Questo è il Paese di Asia Bibi e di Shahbaz Bhatti. Ma è qui che sta avvenendo un miracolo, per cui un giorno un intero popolo sarà chiamato santo: vessati, umiliati, uccisi, non pagati, i cristiani del Pakistan non reagiscono. Una popolazione che è minoranza, fatta di semplici e di analfabeti, sta scrivendo la più esemplare pagina di Vangelo dei nostri giorni.

Dice suor Alberta: «L’altra domenica la cattedrale di Rawalpindi era stracolma di gente che cantava i salmi prima dell’inizio della Messa. Si riuniscono anche in casa per cantarli: "Proteggimi, Signore, dalle mani dei malvagi, salvami dall’uomo violento: tramano per farmi cadere". È il salmo della fiducia, la preghiera nel pericolo. Sentono Cristo veramente vicino».

E suor Agostina: «È difficile da far comprendere a chi pensa a Dio come ad un essere distante, che invece è vicino e condivide con noi la sofferenza: è il compito di questi fratelli. I cristiani del Pakistan sanno di vivere il venerdì santo della loro storia, ma attendono la Pasqua. Sono certi che arriverà e per questo sono maestri di fede per noi».

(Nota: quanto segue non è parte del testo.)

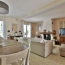  Agence Michel ROUIL : Maison / Villa | CHOLET (49300) | 107 m2 | 267 750 €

Il paradosso è che le scuole cattoliche, benché non siano finanziate dal governo e dunque siano a pagamento, sono frequentate per lo più da musulmani, perché sono le migliori. La gente della strada, non i ricchi, ha sempre amato i cristiani perché sono onesti, responsabili e buoni.

La situazione si è incattivita con la guerra in Afghanistan dopo l’11 settembre. Così una minoranza di poveri cristiani, alla periferia di ogni impero, è diventata il simbolo di tutti i poteri forti occidentali. Ma i cristiani, discriminati, non discriminano: alcune suore a Karachi hanno costruito una struttura per bambini disabili e la maggior parte sono musulmani. «Le famiglie – spiega suor Agostina – sono grate ed è questo atteggiamento che piano piano convertirà i cuori più duri». Quel giorno sarà la Pasqua dei nuovi martiri.